Steering interpretable language models with concept algebra
21 hours ago
- #Interpretability
- #AI Control
- #Concept Algebra
- Steerling-8B enables concept algebra, allowing addition, removal, and composition of human-understandable concepts at inference time without retraining or prompt engineering.
- The model supports direct editing of internal representations for any concept, facilitating control over generation without altering the prompt.
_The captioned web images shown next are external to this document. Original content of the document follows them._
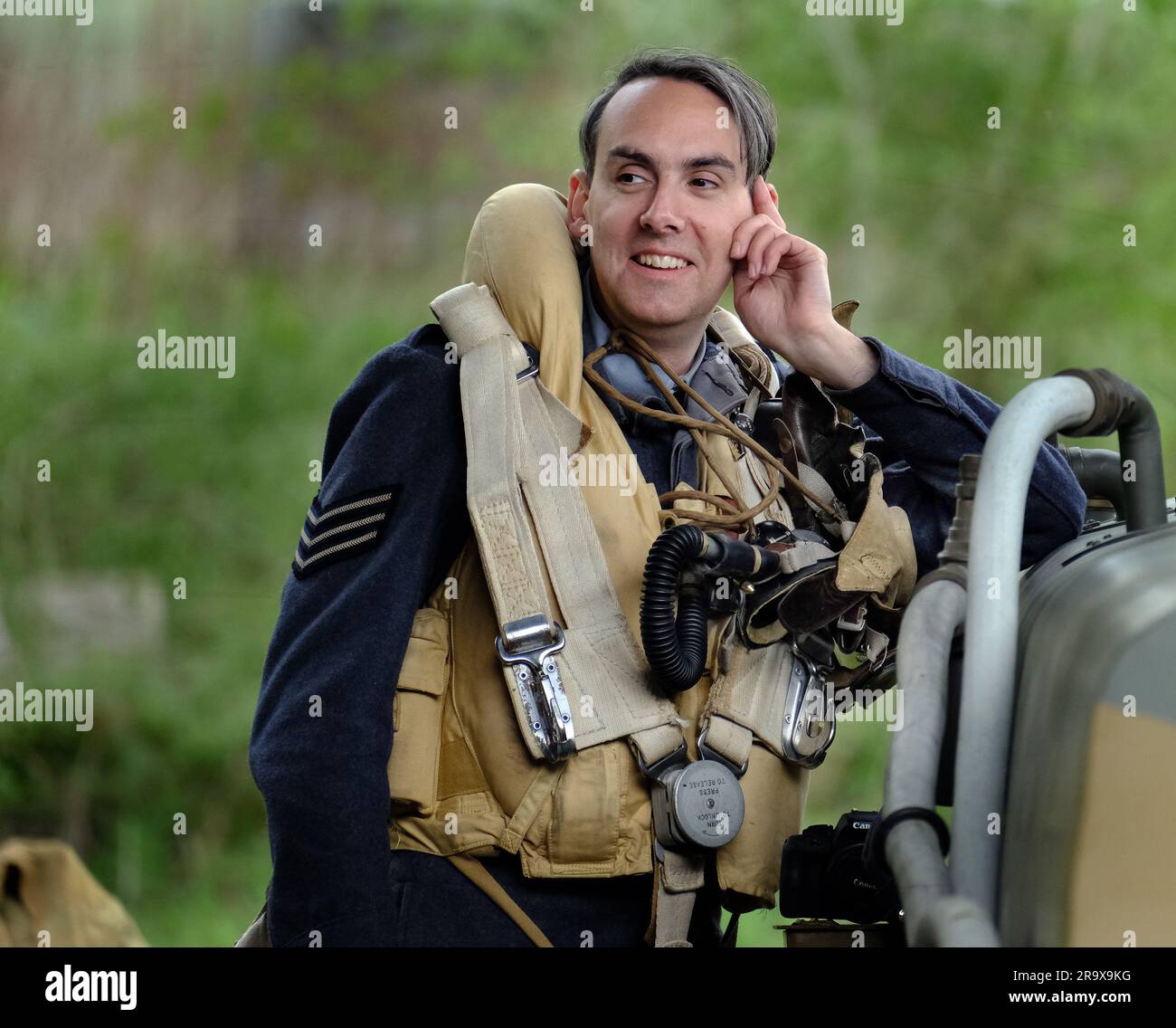 Enactor in uniforme militare del periodo 1940 all'evento di storia vivente. Foto Stock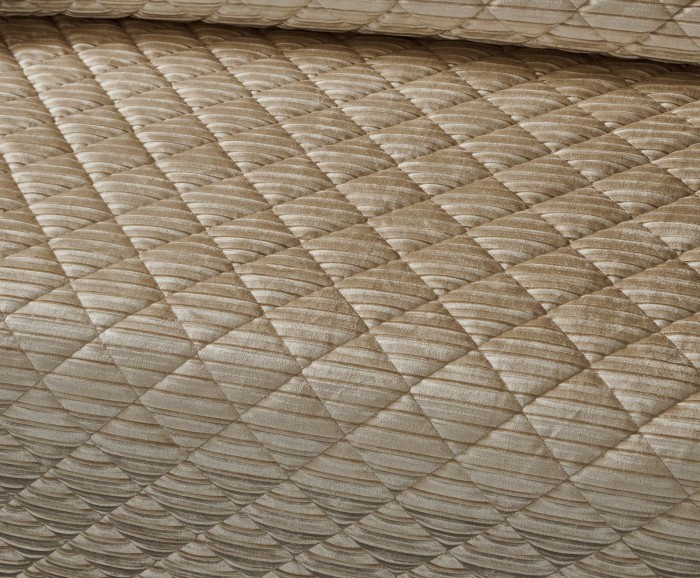 Леонтия (крем) Покрывало 240х260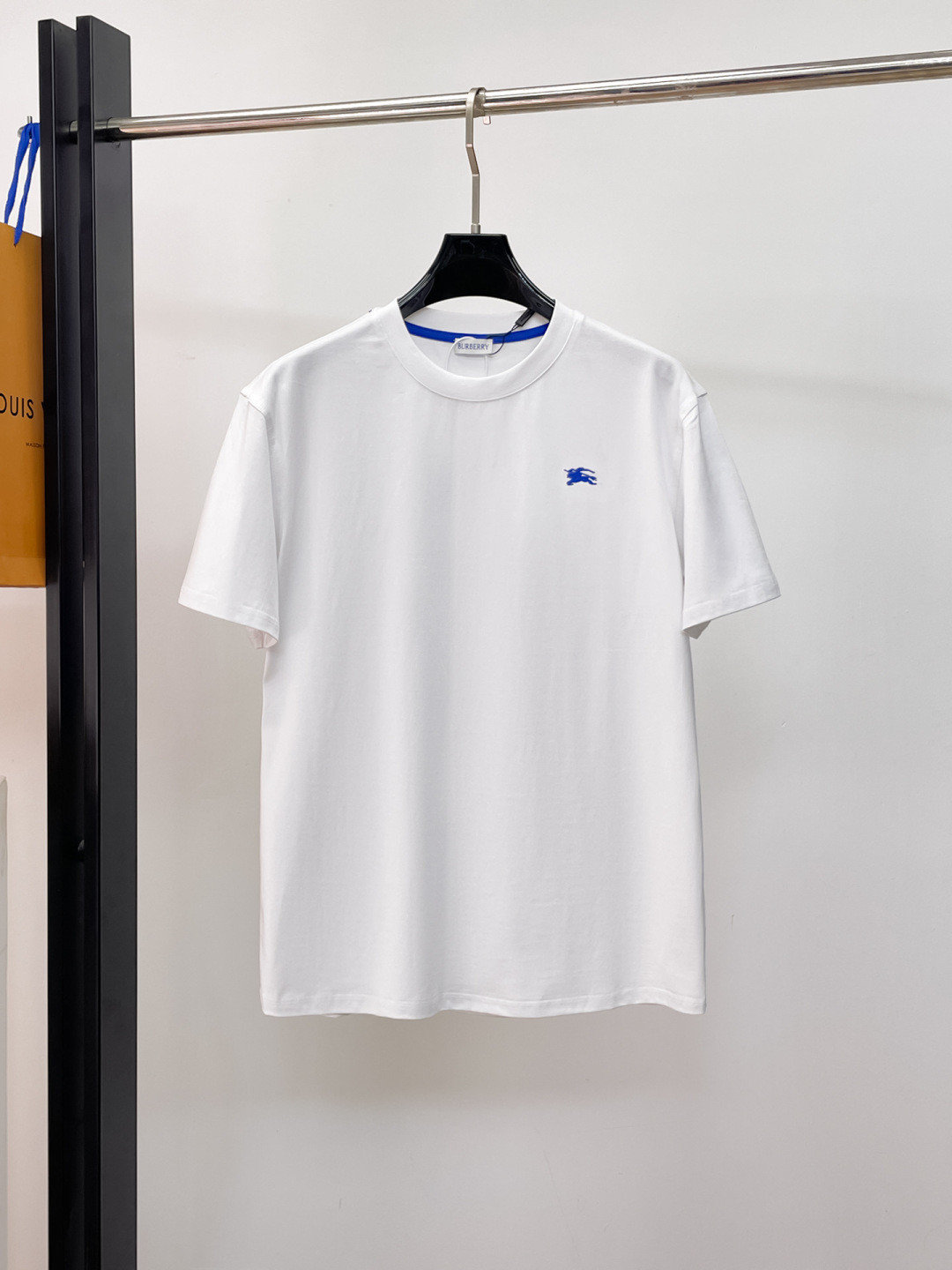 お洒落 2026 バーバリー 新作 半袖Tシャツ 偽物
- Compositional control is essential in multi-turn dialogues, such as content moderation or health assistance, where multiple concepts must be managed simultaneously.
- Current control methods like prompting and fine-tuning are either unreliable or costly, lacking composability and fine-grained control.
- Steerling-8B's concept module provides a linear, algebraic handle on internal variables, enabling both explanation and control of model behavior.
- Mask-aligned injection ensures reliable control during diffusion decoding by aligning concept embeddings with the training distribution.
- Steering can redirect outputs to different domains without changing the prompt, demonstrating versatility in generation control.
- Bottleneck intervention allows for the removal of specific concepts by wiping their contributions before generation.
- Systematic evaluation shows steering significantly improves concept adherence while maintaining high text quality.
- The linear architecture of the concept module ensures predictable effects from interventions, distinguishing it from other control methods.